HIPO1 has slightly less ${\mathrm{V}}_{100}$ (97.56% vs. 95.38%) to that of GRO, but with a significant increase in COIN and HI (Table 1). The ${\mathrm{D}}_{90}$ (110.88 vs. 103.98) for HIPO1 is significantly smaller than with GRO, mostly due to significant decreases in ${\mathrm{V}}_{150}$ (31.94 vs. 16.45) and ${\mathrm{V}}_{200}$ (10.46 vs. 4.88). However, there is no established relationship between ${\mathrm{D}}_{90}$ and clinical outcome in HDR brachytherapy, as in the case of low‐dose‐rate permanent seed implantation. So, to date, all we can tell is that as long as ${\mathrm{D}}_{90}$ is more than 100% of PD, the plan can be considered clinically acceptable, provided other dosimetric quality indices, including ${\mathrm{V}}_{100}$, are acceptable. The ${\mathrm{D}}_{90}$ with HIPO1 in this study was always greater than 100% of the PD (range, 100.24%–109.57%).

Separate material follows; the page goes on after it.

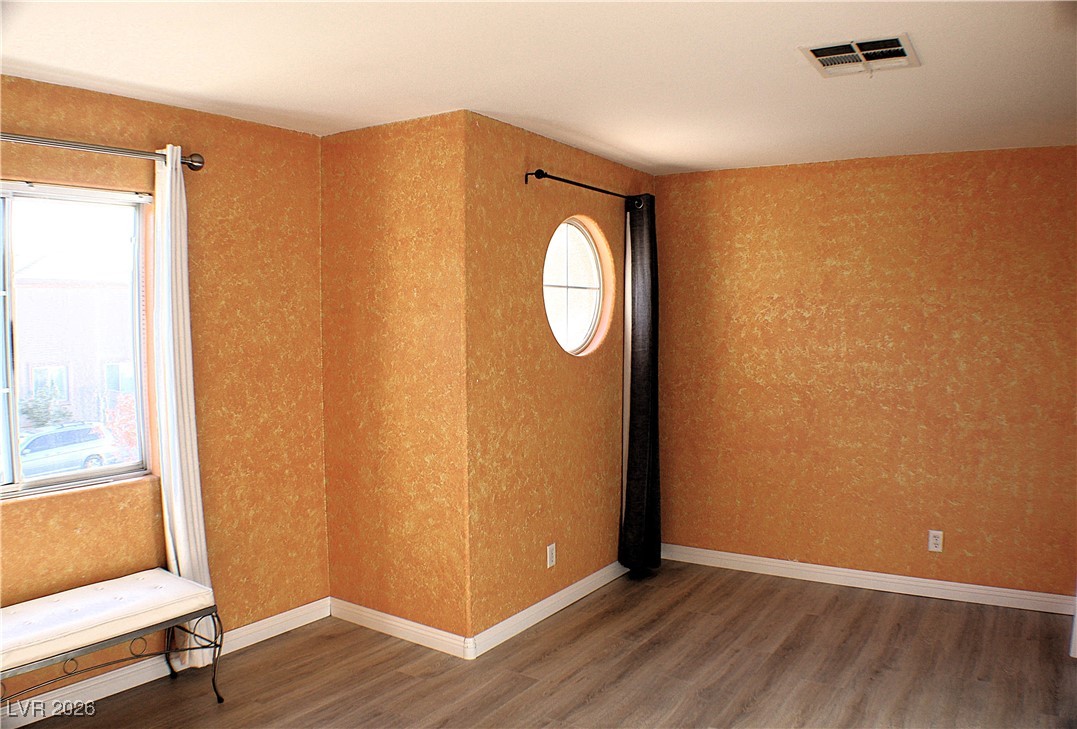 2344 Kenneth Avenue Henderson, NV 89052 - Photo 13 of 25 BEDROOM FEATURING LOVELY WOOD LAMINATE FLOORING!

A smaller number of catheters are desirable to reduce prostatic trauma, edema, and possible displacement. We created HIPO2 optimized plans which have three catheters less than HIPO1, keeping all other parameters fixed. HIPO2 plans have essentially the same dosimetric quality indices for all OARs (Table 2) with a slight decrease in coverage parameters (${\mathrm{D}}_{90}$ and ${\mathrm{V}}_{100}$, Table 1). It appears that the HIPO algorithm best manages the given number of catheters and is reasonably immune to a small variation in catheter numbers.

V. CONCLUSIONS

HIPO is a unique treatment planning and optimization tool, capable of producing clinically acceptable treatment plans within a clinically reasonable time (3–5 minutes) for real‐time intraoperative HDR brachytherapy of the prostate. We have found that plans created by the HIPO algorithm are comparable, if not better, than the plans created by an experienced user utilizing manual planning and optimization. The HIPO algorithm provides an optimal catheter distribution based on anatomy to best realize the user's defined objectives within given dose limits and penalties. With HIPO, the overall treatment planning and optimization time is expected to significantly reduce. GRO is an intuitive optimization tool and can always produce clinically acceptable plans, but the overall optimization time and the final quality of the plan heavily depends on planner expertise and experience. GRO is extremely useful to make final fine‐tune adjustments, but can be tedious and extremely time‐consuming, in some cases, if most of the optimization is performed using this tool.